I despise not having a plan for what I’m doing with my life after I graduate. I am seriously kicking myself for ever trying Psychology as a major and it destroying my GPA.
You guys are going to have to bear with me or stop reading my blog if these mental-crises posts get on your nerves.
I’ve been patrolling job sites like a hawk over the past few weeks just because I like to see what’s out there and what my options are going to be. Two words I constantly run across: EXPERIENCE REQUIRED and then it goes on to list anywhere from 2-15 years experience. So wait, you mean to tell me that I could’ve been out there getting experience instead of wasting my life in college. Ok, I know that’s not the case but that’s what it seems like.
How am I supposed to get a job if I don’t have experience? And how am I supposed to get experience if I don’t have a job? What a vicious, vicious circle.
The director of the department I’m interning for casually said to me today that they are hiring for the Social Media Coordinator (basically the postion I’m semi-filling right now). I told her I graduate in May and then she laughed and said “too bad the timing isn’t better…but we are hiring someone with 1 year experience anyways.”

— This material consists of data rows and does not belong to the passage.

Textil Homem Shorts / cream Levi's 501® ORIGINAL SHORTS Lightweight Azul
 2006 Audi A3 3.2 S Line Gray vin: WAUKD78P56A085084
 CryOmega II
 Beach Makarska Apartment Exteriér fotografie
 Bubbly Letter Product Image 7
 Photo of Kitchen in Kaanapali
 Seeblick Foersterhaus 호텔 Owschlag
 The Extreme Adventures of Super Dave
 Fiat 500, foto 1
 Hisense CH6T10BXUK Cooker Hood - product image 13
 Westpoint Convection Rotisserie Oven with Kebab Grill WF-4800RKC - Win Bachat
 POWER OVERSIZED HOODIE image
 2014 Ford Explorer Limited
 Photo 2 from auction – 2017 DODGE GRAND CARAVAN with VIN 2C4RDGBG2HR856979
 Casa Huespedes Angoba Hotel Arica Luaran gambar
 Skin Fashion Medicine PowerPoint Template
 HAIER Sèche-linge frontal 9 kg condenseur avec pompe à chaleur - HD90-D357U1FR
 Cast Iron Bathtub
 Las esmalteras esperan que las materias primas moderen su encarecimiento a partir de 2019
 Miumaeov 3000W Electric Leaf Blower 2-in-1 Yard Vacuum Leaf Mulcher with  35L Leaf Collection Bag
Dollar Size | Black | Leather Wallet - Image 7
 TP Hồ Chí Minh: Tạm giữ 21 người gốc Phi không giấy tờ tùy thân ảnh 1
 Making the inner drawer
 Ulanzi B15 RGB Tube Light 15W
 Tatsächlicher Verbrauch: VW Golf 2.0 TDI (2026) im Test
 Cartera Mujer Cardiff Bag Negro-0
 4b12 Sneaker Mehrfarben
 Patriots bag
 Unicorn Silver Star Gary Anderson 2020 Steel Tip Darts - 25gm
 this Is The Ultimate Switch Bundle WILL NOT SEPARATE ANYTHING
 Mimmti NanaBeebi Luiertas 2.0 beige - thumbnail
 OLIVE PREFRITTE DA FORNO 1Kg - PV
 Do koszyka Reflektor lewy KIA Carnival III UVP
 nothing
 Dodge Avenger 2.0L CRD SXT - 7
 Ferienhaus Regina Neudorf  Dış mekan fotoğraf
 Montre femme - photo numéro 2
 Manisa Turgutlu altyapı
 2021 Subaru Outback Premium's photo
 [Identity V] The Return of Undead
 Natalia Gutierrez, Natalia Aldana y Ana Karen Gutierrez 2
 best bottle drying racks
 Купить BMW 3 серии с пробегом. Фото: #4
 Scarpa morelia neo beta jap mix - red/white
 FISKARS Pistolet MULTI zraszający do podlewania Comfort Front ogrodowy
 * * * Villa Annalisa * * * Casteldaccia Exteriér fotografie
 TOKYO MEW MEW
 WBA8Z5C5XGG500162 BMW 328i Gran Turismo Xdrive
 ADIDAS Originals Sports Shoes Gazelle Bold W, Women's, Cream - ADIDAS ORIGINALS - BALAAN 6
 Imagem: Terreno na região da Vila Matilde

Ok…I get it. I mean I obviously couldn’t apply for the job and honestly, I don’t want it. But, it was still a slap in the face even if it wasn’t meant to be. I think I just had this vision of my internship playing into a job offer–one which I would turn down. But it would still be a compliment to be asked. I know you might think, “a job is a job!” However, a job is not just a job for me. As you know, I don’t want to stay here in Savannah. I am so ready to leave this place and go somewhere new. Being tied down here for another year is seriously one of my worst nightmares come true. The thought of leaving Savannah is one of the driving forces behind me pushing myself to do good in school and dabble in as many things as possible before I leave. I also had to remind myself that it wouldn’t be fair for me to take a job like this that I would only be available for a year. I’m taking one year off to build up my resume, take the GRE, and get my ass into grad school.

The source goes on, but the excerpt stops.